Dataset items:
>>

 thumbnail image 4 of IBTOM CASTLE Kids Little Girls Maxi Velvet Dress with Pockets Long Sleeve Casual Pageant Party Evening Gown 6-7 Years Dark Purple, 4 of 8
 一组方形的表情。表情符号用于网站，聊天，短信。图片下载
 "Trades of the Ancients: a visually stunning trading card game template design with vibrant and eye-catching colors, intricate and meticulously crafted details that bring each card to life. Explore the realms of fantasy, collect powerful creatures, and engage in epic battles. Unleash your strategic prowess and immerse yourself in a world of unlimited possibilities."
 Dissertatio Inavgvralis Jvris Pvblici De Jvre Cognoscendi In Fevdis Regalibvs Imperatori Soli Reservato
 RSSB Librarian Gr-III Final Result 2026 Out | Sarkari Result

<<

▸ Exercise objective
Start at the first line of the entries and stop at the line with "一组方形的表情。表情符号用于网站，聊天，短信。图片下载". Retype each of those lines exactly, both ends included.

▸ Result below
 thumbnail image 4 of IBTOM CASTLE Kids Little Girls Maxi Velvet Dress with Pockets Long Sleeve Casual Pageant Party Evening Gown 6-7 Years Dark Purple, 4 of 8
 一组方形的表情。表情符号用于网站，聊天，短信。图片下载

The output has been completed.